Qiu enigmatically blends the stories of the two Haos almost imperceptibly, employing a kind of magical realism to create a sense of mystery and possibility. Suburban Birds is at once a critique of the increasing urbanization of modern China and a tale of suburban ennui in a time of great uncertainty. At first, the two Haos' stories seem completely separate, a strange interruption to the story we had settled into, breaking the films into parallel narratives that don't seem connected. Is it a flashback, or a kind of disruption in time? Are the stories connected, or are their similarities coincidental? Qiu never answers these questions, leaving them almost bafflingly cryptic. And yet, that's what makes Suburban Birds so beguiling. The film most resembles Weerasethakul in its back half, specifically Tropical Malady (2005), as it shifts gears completely and the film we're watching is no longer the film we thought it was.

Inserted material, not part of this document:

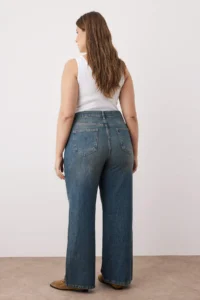 Trendyol Curve More Sustainable Blue Faded Effect Vintage Wash 100% Cotton Wide Leg/Wide Leg jeans - Image 4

It is a film that peers through many layers, carefully parsing the lenses through which we view our own lives. Through time and memory, experience and written anecdote, Suburban Birds explores the tenuous connections between life as it is lived and life as we imagine it to be. Life throws us curveballs we can't understand or explain, it leaves ideas unfinished, t's uncrossed, i's undotted. When even the very ground on which we plant our feet seems to be moving beneath us, on what can we base our hopes and dreams? It is here where Qiu most resembles Jia Zhangke, perhaps the foremost chronicler of technology's sometimes destructive advance in modern China, and yet what Qiu seems to be going for here seems somehow more ephemeral and ghostly, less concretely political and more philosophical in nature. It leaves us with far more questions than answers, a portrait of an unstable world undone by its own lack of foresight, where truths that once were buried come raging back to wreck havoc on the present. It's a remarkable debut for Qiu, a mature and throughly mesmerizing film that lingers like wisps of haunted memory on a hazy summer afternoon.